A campanha de combate a violência contra a mulher ganhou apelo na sociedade. Fomos vitoriosas em dar visibilidade para o tema, através do incentivo a denunciar e romper com o silêncio. Mas isso não deve ser apenas conquistado com conscientização. A Lei Maria da Penha foi um marco para efetivar conquistas, e precisa ser efetivada na sua totalidade, garantindo principalmente as medidas protetivas necessárias. Para isso, é necessário lutarmos por mais investimento nas políticas públicas de combate à violência contra a mulher, na implementação de delegacias 24 horas que de fato acolham as vítimas, e que não sejam violentadas novamente ao serem questionadas e/ou culpabilizadas. Um maior investimento envolve garantir casas abrigo, creche e moradia, mecanismos que ajudem a viabilizar independência econômica. A defesa pela igualdade salarial é também uma forma de enfrentamento à violência contra a mulher.
Ainda, a defesa pelo direito ao aborto é uma luta histórica para que tratemos esse caso como um caso de saúde pública, e não de polícia. Mulheres de todas as classes sociais abortam, mas são as pobres e trabalhadoras que morrem. A legalização do aborto é uma pauta urgente, que deve vir acompanhada de educação sexual e acesso à métodos anticoncepcionais.
2) Derrotar a Reforma da Previdência!
A menina dos olhos desse governo é a Reforma da Previdência. Isso foi anunciado e explicitado a partir do momento que o presidente foi eleito. Até então, sua base de apoio contava com medidas estapafúrdias como acabar com o “kit gay” – que não existe – nas escolas, com a “mamadeira de piroca”, e com “tudo isso que tá aí”.
Após as eleições, esse tem sido o assunto diariamente tratado como prioritário na agenda de Bolsonaro.

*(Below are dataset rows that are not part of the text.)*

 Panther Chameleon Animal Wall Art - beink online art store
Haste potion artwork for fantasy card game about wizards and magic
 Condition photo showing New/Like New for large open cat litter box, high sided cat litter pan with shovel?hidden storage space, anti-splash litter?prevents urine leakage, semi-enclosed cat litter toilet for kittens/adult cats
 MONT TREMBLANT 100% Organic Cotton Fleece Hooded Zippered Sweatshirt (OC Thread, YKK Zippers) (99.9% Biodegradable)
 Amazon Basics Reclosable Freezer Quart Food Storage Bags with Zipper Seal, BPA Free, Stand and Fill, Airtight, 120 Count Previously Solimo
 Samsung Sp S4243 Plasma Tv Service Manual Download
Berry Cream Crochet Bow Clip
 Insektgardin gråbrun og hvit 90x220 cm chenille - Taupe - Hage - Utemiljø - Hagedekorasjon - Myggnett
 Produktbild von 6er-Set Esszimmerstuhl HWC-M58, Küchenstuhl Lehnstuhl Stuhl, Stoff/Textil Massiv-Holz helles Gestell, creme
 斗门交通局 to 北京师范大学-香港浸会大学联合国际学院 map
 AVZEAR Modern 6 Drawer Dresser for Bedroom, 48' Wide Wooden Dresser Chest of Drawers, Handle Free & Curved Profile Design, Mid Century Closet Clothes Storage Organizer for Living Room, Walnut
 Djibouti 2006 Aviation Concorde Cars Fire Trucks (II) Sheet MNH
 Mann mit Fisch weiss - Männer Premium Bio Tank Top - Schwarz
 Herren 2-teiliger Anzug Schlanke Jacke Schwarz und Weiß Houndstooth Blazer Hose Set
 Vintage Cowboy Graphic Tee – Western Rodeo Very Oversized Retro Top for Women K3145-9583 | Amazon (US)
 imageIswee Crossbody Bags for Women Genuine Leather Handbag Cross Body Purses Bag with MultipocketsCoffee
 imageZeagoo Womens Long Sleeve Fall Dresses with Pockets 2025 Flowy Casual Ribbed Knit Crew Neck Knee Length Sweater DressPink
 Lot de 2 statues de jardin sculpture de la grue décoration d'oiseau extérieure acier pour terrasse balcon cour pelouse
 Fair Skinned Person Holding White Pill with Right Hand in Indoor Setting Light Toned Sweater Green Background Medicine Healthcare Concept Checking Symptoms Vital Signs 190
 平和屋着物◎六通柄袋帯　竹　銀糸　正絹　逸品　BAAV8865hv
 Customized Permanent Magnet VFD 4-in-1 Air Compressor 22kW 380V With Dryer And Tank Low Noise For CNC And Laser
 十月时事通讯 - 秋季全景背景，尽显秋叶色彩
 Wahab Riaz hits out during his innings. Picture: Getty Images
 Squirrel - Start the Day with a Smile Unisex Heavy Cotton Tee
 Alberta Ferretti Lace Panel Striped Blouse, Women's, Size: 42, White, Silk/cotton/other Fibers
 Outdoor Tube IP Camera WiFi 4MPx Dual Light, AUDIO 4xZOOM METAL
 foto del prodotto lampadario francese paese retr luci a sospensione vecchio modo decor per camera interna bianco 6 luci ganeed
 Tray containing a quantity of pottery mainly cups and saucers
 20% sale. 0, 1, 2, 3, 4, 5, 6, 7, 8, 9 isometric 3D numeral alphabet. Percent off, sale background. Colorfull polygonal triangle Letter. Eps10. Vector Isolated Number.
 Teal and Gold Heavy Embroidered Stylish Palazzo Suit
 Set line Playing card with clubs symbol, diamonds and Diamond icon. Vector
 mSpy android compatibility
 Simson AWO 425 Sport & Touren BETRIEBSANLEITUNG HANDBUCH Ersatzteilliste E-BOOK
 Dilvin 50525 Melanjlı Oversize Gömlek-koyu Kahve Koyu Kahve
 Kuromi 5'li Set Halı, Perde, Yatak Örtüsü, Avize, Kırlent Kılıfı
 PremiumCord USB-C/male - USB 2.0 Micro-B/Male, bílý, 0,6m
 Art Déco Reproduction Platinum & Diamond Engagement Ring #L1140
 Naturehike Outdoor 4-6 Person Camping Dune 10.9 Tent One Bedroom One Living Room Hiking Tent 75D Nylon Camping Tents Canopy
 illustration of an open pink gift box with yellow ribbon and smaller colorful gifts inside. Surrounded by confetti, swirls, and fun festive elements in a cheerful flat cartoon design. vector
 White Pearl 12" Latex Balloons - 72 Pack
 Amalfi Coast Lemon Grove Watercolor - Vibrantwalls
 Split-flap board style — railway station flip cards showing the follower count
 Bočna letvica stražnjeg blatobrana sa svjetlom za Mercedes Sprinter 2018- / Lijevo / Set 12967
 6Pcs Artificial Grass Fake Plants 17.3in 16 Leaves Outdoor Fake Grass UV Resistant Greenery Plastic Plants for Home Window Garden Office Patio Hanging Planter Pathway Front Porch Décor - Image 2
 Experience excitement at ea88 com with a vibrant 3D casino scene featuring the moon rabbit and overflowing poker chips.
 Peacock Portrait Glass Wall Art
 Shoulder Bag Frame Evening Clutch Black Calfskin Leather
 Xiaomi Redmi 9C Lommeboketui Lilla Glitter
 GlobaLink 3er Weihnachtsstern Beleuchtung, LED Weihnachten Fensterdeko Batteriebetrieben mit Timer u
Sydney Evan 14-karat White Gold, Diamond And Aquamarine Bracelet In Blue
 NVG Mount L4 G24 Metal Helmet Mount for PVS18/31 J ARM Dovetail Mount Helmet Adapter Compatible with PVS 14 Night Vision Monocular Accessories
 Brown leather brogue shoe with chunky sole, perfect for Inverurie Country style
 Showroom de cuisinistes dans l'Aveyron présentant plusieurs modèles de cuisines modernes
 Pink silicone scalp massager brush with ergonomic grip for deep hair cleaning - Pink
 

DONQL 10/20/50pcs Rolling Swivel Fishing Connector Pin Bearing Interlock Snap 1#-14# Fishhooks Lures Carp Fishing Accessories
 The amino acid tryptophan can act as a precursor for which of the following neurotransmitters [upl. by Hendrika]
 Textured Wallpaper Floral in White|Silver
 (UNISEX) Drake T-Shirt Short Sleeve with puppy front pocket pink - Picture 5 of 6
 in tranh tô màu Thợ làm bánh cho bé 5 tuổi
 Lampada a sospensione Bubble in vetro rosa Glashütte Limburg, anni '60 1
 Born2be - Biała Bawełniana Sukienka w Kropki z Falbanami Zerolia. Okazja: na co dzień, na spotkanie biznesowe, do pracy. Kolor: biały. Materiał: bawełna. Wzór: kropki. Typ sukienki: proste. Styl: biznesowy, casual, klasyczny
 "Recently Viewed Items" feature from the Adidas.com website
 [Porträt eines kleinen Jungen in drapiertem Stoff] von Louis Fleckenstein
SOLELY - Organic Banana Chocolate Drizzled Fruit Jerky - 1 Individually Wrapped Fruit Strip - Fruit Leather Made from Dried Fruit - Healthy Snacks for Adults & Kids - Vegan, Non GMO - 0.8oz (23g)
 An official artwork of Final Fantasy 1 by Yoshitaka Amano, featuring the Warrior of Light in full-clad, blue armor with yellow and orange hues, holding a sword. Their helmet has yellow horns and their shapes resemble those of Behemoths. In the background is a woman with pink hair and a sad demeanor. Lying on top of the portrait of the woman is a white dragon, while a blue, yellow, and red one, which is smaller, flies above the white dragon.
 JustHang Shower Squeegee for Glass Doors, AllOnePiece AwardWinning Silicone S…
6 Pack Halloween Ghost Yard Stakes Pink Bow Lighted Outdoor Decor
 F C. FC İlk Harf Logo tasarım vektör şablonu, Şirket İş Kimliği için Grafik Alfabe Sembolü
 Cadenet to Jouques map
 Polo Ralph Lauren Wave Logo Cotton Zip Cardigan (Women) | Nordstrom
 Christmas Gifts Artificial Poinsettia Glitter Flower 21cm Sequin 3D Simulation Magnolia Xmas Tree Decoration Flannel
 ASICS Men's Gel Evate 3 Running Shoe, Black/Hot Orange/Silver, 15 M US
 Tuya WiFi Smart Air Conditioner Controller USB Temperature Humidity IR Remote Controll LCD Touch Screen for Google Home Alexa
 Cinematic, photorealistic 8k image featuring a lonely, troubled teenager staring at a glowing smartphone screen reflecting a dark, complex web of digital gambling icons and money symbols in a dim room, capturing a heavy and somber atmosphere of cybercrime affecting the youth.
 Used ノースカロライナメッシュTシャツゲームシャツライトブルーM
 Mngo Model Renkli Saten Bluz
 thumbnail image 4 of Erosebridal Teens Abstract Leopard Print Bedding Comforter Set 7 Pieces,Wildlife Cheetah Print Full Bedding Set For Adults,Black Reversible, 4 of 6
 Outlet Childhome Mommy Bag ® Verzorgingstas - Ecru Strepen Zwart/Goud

A ideia de mexer com a previdência, porque esta é onerosa excessivamente para o Estado, é um escândalo por si só, considerando que se trata de pessoas que trabalharam a vida toda e que têm o legítimo direito de descansar dignamente. Enquanto isso, a somatória das dívidas das empresas com a Previdência ultrapassa R$450 bilhões.
No projeto apresentado por Bolsonaro, o aumento previsto é de 7 anos – de 55 anos para 62 – para as mulheres se aposentarem. São as mulheres que estão nos serviços mais precarizados, e a precarização dos serviços públicos impacta ainda mais a vida das mulheres (fechamento de creches, equipamentos de saúde etc).
Não podemos aceitar uma justificativa econômica – que protege o lucro dos empresários e banqueiros e ataca o bolso de trabalhadores – que impactará socialmente na vida de muitas pessoas. Na justificativa de proteger o Estado de quebrar, quebram (ainda mais) as pessoas! Isso é inaceitável! Por isso, derrotar a Reforma da Previdência é uma grande tarefa que as mulheres devem se engajar!
3) Marielle vive!
Marielle virou semente. Um ano ainda sem respostas de quem matou, e quem mandou matar. É um imperativo que deem andamento a apuração sobre seu brutal assassinato.
Defendemos justiça para Marielle, mas reivindicamos seu legado: Marielle sintetizava, no seu corpo e na sua luta, uma série de pautas atuais. Seu assassinato foi uma tentativa de silenciar as lutas por direitos, a luta por justiça, a luta por vida digna, a luta feminista e socialista. Lutaremos por ela e por outras que tombaram, lutaremos por nós e lutaremos pelas que virão! Até que sejamos todas livres!